Educate Fans on Our Brand Purpose and Grow the BIRKENSTOCK Fan Base
We will continue to educate consumers globally about the advantages of BIRKENSTOCK products. We believe consumers become evangelists for our brand when they become aware of the merits of our superior functional design. The function of our products and the power of our brand has enabled us to build our Company largely through organic, unpaid sources, including word-of-mouth, repeat buying, earned media, high profile influencer support and our 1774 collaborations office. These organic factors support a virtuous cycle of consumer consideration, trial, conversion and repeat purchase. Our recently established BIRKENSTOCK content house was created to produce powerful stories of BIRKENSTOCKs craftsmanship, fan love and other core values across various social media platforms, providing powerful organic vehicles to engage with and attract new fans. We will further amplify this content through the introduction of ambassador retail, a new physical retail strategy focusing on a small footprint of stores operated in partnership with local entrepreneurs who will serve as brand ambassadors by virtue of their professions, pursuits or social media presences. Additionally, our newly launched BIRKENSTOCK loyalty program, which offers exclusive access to products and other unique benefits, will serve as a principal tool for driving increased engagement with new and existing consumers in the future.

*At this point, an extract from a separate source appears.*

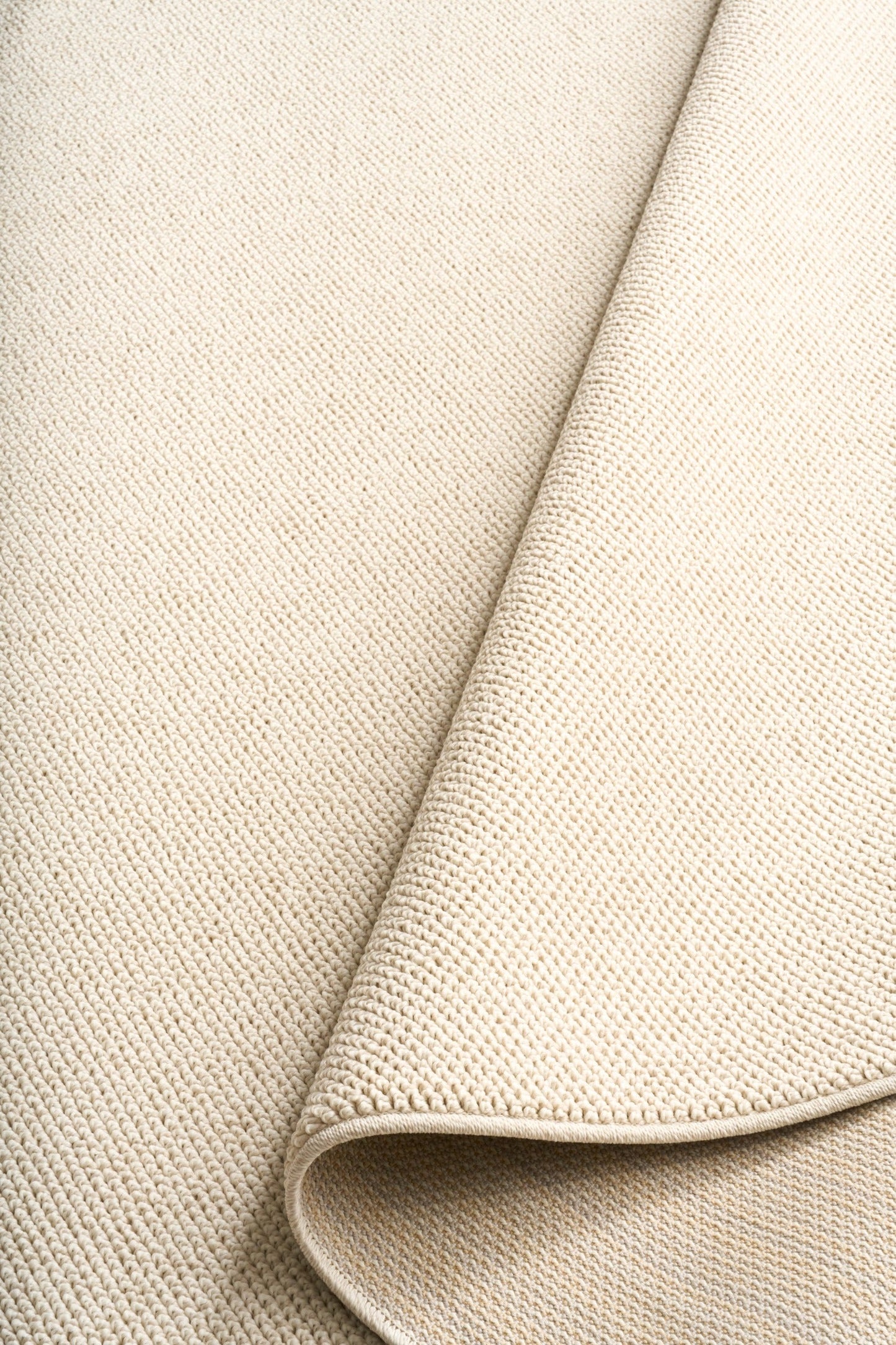 Cream woven area rug corner with rolled edge and fine loop texture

While our brand has achieved substantial traction globally and those who have experienced our products demonstrate strong loyalty, our presence remains relatively nascent in many of our markets. Our unaided brand awareness outside of Germany and the United States remains well below that of our most established markets and of other leading footwear brands, providing us with a clear runway for growth. According to the Consumer Survey, aided brand awareness, which we define as consumer awareness about the brand when specifically asked about the brand, in the United States is 68%. We believe increasing consumer awareness of our brand, the functional benefits of our products and our constantly evolving product offering will generate substantial growth as we introduce new consumers to our brand and convert those who are aware of the brand into consumers.
Invest in and Optimize the Company to Support the Next Generation of Growth
We will continue to invest in our people and our manufacturing and supply chain to support future growth. We will also seek operational improvements to drive efficiencies and increase the speed and flexibility of our operations.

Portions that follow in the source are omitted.